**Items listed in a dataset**
----

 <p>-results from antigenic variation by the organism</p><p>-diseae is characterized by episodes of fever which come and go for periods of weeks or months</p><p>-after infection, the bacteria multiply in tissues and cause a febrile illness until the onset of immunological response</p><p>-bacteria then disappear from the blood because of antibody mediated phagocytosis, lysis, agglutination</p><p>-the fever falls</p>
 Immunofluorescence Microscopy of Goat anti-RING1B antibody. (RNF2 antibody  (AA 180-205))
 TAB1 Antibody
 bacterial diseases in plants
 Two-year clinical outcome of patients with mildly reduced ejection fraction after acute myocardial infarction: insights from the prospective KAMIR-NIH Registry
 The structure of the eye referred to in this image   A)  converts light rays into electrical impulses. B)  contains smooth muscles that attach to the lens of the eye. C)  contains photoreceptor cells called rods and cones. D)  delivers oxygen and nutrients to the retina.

----

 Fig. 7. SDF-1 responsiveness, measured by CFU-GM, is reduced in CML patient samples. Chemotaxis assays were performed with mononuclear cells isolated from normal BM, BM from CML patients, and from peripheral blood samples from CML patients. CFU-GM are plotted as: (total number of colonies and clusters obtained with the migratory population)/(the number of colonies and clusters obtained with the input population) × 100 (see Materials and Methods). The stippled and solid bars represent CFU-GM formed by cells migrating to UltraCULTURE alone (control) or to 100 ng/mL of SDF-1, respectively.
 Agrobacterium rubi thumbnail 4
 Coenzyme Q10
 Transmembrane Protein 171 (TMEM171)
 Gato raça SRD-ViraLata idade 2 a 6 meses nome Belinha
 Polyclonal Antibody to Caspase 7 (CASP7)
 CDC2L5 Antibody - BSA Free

----

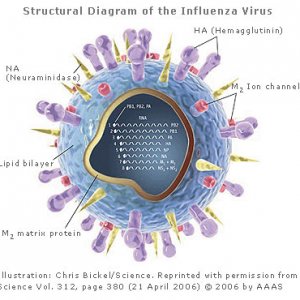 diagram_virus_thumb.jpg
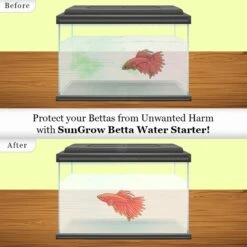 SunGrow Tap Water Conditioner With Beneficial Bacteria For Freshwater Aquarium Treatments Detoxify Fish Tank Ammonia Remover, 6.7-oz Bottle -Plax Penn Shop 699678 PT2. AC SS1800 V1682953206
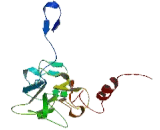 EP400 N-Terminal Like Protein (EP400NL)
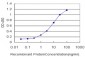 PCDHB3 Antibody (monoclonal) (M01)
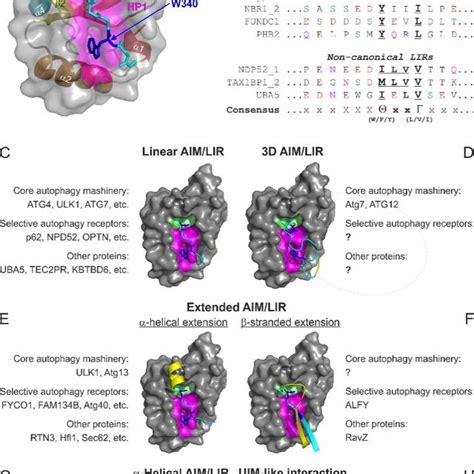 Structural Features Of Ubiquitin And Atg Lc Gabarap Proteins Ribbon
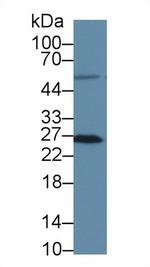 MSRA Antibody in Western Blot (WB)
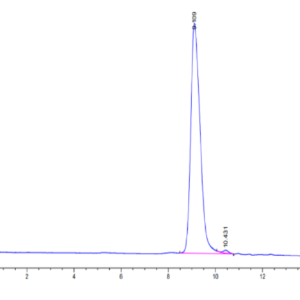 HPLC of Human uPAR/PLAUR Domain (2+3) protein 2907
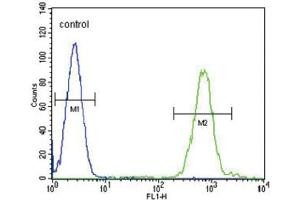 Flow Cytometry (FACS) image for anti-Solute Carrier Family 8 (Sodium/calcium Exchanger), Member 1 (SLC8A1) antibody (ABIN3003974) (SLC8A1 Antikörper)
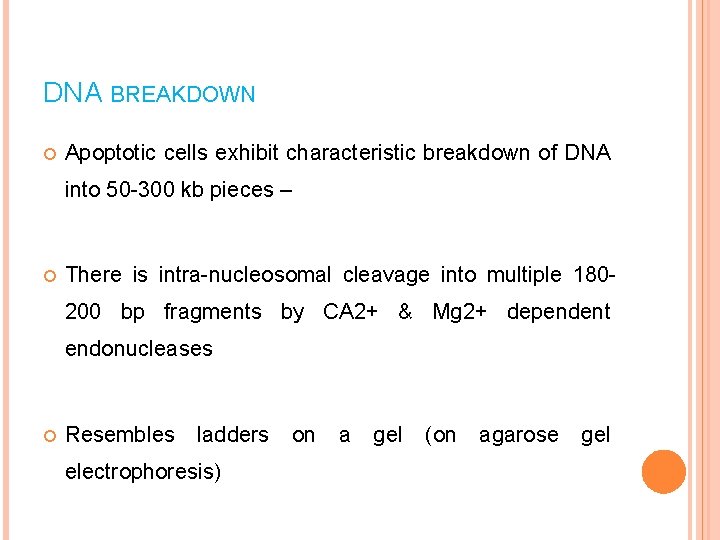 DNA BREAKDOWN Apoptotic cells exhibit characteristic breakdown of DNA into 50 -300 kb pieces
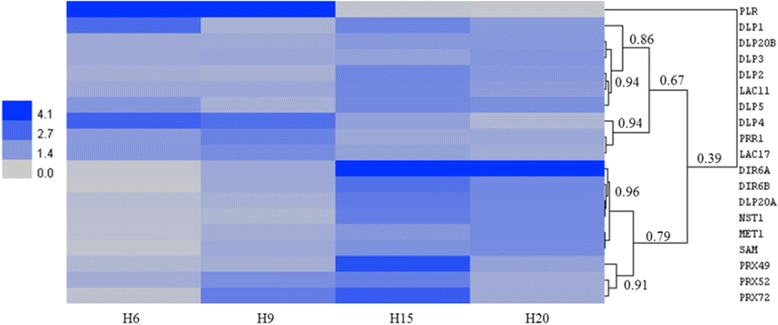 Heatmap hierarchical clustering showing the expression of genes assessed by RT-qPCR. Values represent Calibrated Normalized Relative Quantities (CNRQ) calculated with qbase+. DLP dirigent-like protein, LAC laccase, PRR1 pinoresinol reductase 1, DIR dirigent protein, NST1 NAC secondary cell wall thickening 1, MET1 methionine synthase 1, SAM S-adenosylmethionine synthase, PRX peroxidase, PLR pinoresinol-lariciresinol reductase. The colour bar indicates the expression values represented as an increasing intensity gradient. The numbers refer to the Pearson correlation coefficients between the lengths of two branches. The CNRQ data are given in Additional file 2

----

**Exercise aim**
Copy out, exactly and alone, the lines of the entries above between the ones holding "<p>-results from antigenic" and "Two-year clinical outcome", inclusive.

**Task result**
 <p>-results from antigenic variation by the organism</p><p>-diseae is characterized by episodes of fever which come and go for periods of weeks or months</p><p>-after infection, the bacteria multiply in tissues and cause a febrile illness until the onset of immunological response</p><p>-bacteria then disappear from the blood because of antibody mediated phagocytosis, lysis, agglutination</p><p>-the fever falls</p>
 Immunofluorescence Microscopy of Goat anti-RING1B antibody. (RNF2 antibody  (AA 180-205))
 TAB1 Antibody
 bacterial diseases in plants
 Two-year clinical outcome of patients with mildly reduced ejection fraction after acute myocardial infarction: insights from the prospective KAMIR-NIH Registry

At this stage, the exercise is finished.